● **TRY IT**
With the pictures set aside, write out all of the data exactly as it stands.

● **DATA BELOW**
━━━━━━━━━━━━━━━━━━━━━━━━━━━━━━

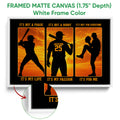 White framed baseball wall art with bold black silhouettes and warm orange sunset artwork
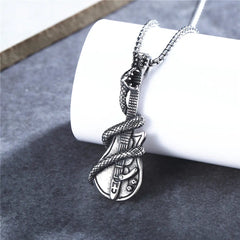 Vintage Snake Guitar Pendant Necklace for Men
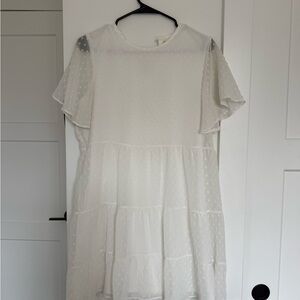 Altar'd State Cream Tiered Dress with Swiss Dot Detail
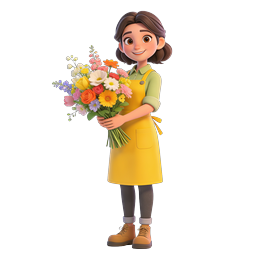 Cheerful Florist with Colorful Bouquet 3D Icon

━━━━━━━━━━━━━━━━━━━━━━━━━━━━━━

● **ANSWER TO THE EXERCISE**
 White framed baseball wall art with bold black silhouettes and warm orange sunset artwork
 Vintage Snake Guitar Pendant Necklace for Men
 Altar'd State Cream Tiered Dress with Swiss Dot Detail
 Cheerful Florist with Colorful Bouquet 3D Icon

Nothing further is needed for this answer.